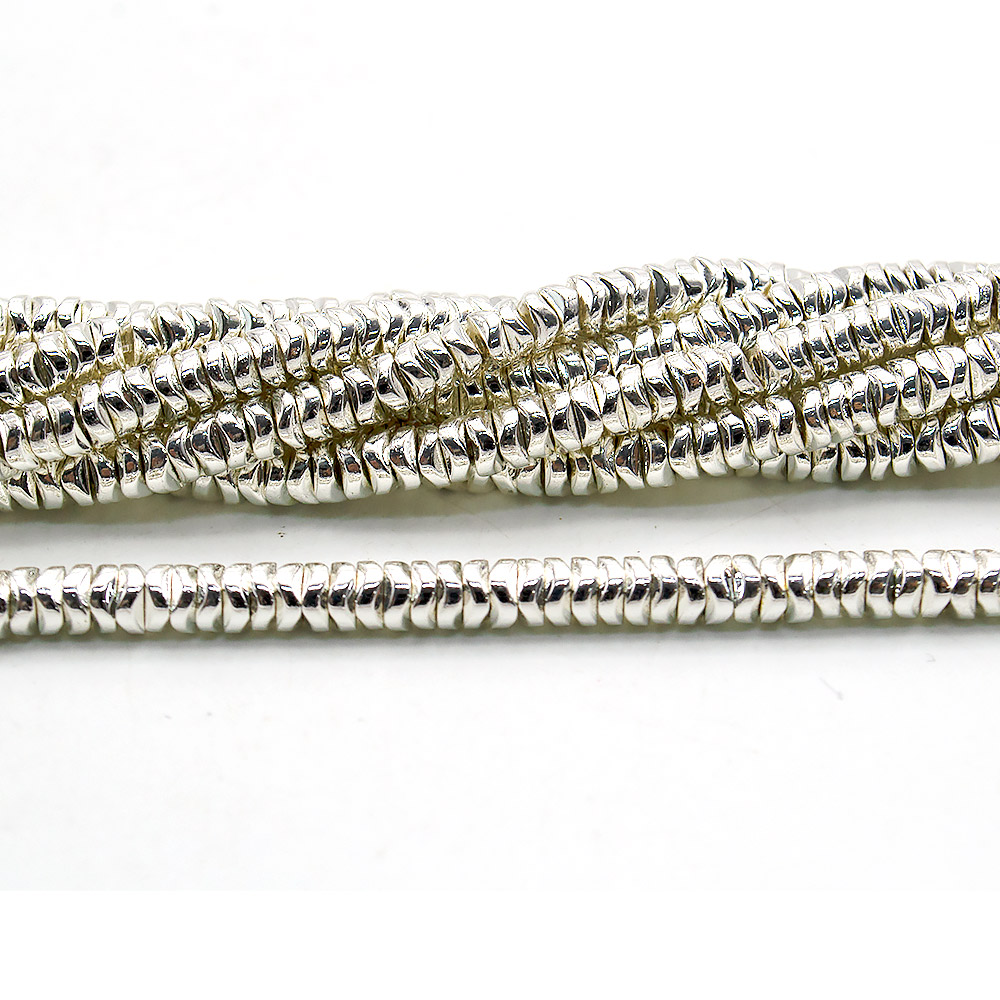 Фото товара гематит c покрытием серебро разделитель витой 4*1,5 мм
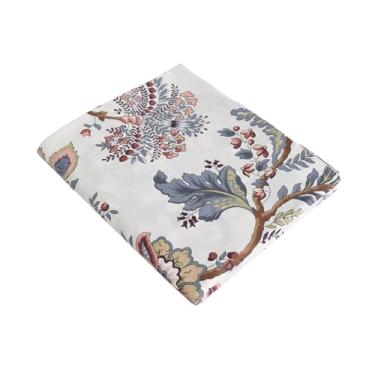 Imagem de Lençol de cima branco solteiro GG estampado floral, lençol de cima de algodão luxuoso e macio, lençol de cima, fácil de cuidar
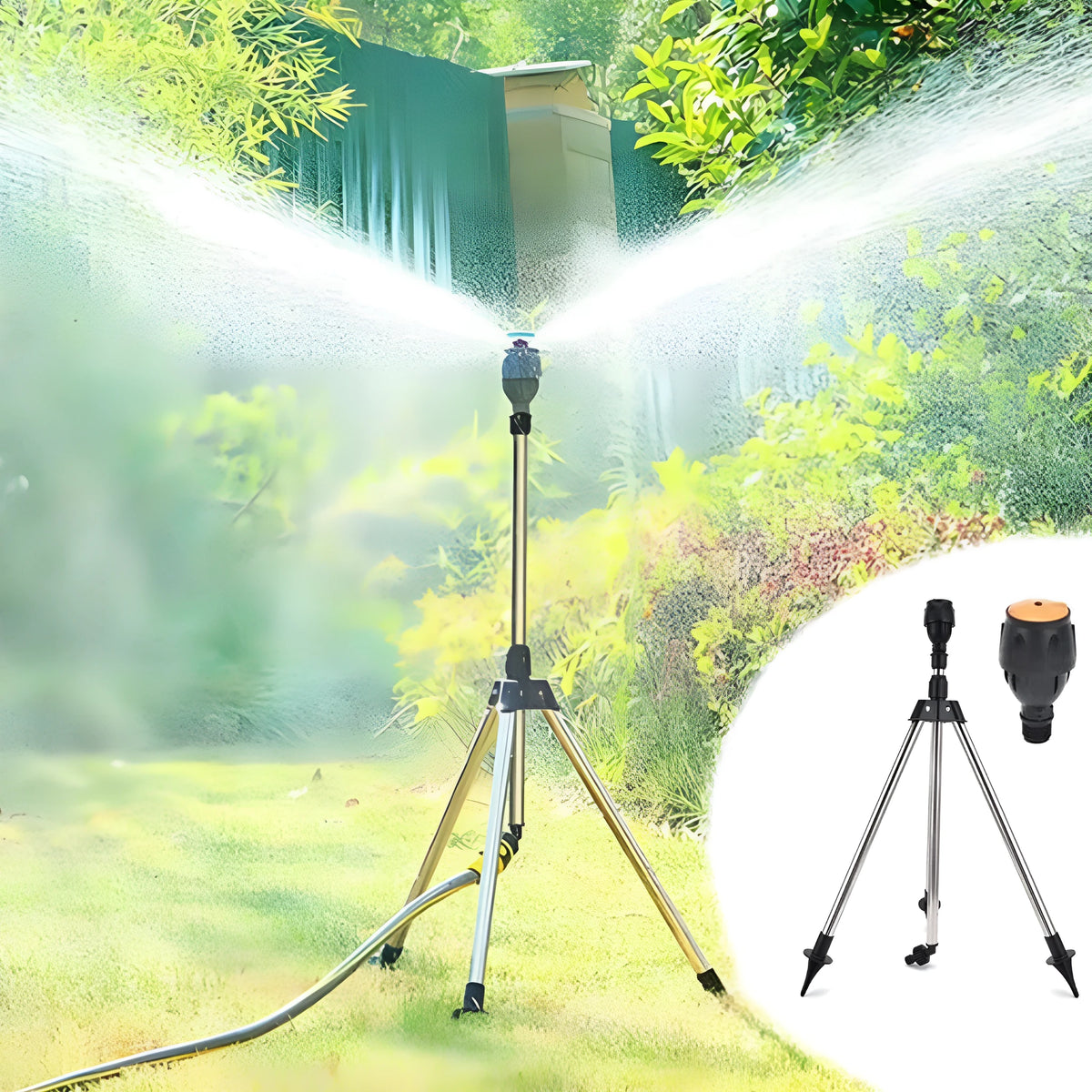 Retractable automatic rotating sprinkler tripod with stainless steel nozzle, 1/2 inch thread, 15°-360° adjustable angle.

Task prompt: Would you reproduce the listing above in full and exactly, without its pictures?

Result of the task:
 Фото товара гематит c покрытием серебро разделитель витой 4*1,5 мм
 Imagem de Lençol de cima branco solteiro GG estampado floral, lençol de cima de algodão luxuoso e macio, lençol de cima, fácil de cuidar
 Retractable automatic rotating sprinkler tripod with stainless steel nozzle, 1/2 inch thread, 15°-360° adjustable angle.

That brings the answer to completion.